Havana, Cuba (CNN) -- The Cuban government has agreed to allow all private businesses to hire employees, something previously restricted to a limited number of occupations, state media said Tuesday.
A meeting of the Council of Ministers also approved a proposal to delay massive layoffs, Granma newspaper reported, without providing any details.
Last year, President Raul Castro announced the biggest shakeup to the Soviet-style economic model in decades. He said more than a million state jobs needed to be eliminated.
At the same time, he said more private enterprise would be allowed to help soak up some of the unemployed and provide new sources of income, via taxes, for depleted state coffers.
The government published a list of 178 private occupations that Cubans could hold, from running a private restaurant to working as a plumber to being a party clown. Of those, 83 of them could hire employees.

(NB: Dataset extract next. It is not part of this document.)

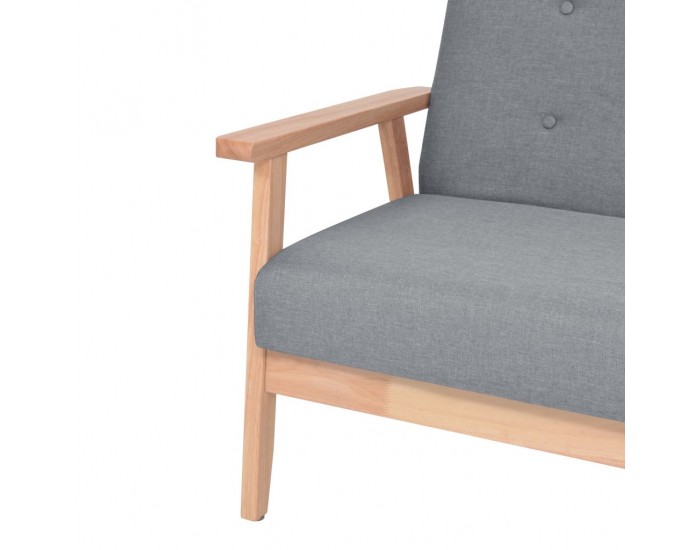 Sonata Комплект диван и кресло, 2 броя, плат, светлосиви -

Now, the Council of Ministers has granted all small businesses the authority to hire employees and agreed to further loosen regulations on the self-employed, according to Granma. The newspaper said it would provide details at a later date.
More than 200,000 Cubans have bought licenses to open small businesses since October.
The plan for government layoffs was harshly criticized by Cubans worried that for the first time in 50 years they will no longer be guaranteed a job, no matter how small the salary.
Castro originally had said that half of the layoffs from state jobs would come by March of this year. He later announced that the layoffs would be delayed, without giving a new timetable.